### ABOUT THIS TASK
From the data below, report how many lines contain the word "Logo", giving the number and nothing else.

### DATASET
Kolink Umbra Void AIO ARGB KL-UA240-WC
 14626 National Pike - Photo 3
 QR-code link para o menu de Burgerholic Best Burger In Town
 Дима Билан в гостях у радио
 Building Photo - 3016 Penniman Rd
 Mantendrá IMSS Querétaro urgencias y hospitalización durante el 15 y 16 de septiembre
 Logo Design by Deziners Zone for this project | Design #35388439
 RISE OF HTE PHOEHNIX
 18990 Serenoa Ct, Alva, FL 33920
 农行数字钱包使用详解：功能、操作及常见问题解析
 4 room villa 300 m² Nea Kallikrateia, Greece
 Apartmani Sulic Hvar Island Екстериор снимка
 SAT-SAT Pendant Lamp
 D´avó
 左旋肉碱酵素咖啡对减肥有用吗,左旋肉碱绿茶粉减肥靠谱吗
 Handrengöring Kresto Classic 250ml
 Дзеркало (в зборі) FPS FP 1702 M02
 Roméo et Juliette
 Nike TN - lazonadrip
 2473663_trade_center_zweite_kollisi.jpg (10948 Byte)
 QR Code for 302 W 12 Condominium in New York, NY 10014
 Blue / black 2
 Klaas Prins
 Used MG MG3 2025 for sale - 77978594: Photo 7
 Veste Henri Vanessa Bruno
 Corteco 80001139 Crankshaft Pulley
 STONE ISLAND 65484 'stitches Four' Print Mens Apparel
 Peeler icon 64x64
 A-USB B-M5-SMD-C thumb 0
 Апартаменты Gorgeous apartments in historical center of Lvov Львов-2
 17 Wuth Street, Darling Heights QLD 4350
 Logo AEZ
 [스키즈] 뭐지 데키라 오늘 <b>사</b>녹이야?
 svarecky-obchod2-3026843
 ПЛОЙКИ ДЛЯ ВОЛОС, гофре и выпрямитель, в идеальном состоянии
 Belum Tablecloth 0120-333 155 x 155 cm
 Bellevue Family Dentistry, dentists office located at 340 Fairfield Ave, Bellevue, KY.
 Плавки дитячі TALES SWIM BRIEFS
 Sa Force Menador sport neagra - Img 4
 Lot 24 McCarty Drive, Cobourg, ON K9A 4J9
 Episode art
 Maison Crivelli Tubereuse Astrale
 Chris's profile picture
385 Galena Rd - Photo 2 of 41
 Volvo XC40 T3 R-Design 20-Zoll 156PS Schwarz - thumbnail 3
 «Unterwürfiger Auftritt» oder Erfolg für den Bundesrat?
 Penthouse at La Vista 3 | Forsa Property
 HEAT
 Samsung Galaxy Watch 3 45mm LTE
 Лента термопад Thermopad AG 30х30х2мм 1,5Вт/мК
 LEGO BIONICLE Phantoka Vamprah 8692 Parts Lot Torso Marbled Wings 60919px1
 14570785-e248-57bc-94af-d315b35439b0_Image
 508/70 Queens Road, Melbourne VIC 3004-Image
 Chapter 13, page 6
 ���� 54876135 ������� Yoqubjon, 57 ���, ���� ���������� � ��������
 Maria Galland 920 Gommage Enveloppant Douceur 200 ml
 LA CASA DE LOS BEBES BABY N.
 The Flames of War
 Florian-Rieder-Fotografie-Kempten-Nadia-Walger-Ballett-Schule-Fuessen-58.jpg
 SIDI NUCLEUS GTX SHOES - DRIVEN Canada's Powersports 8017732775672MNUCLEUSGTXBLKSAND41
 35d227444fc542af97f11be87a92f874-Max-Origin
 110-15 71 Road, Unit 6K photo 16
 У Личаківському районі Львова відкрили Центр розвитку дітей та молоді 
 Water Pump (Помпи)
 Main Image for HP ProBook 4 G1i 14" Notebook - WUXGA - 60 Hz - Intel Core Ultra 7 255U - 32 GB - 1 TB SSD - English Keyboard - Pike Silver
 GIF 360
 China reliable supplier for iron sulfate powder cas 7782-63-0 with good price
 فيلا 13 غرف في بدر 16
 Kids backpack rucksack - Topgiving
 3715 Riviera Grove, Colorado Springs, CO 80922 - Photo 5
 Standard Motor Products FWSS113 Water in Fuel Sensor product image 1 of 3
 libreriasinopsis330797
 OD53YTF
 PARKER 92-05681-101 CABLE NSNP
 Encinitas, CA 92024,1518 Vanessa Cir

### REPLY TO THE TASK
2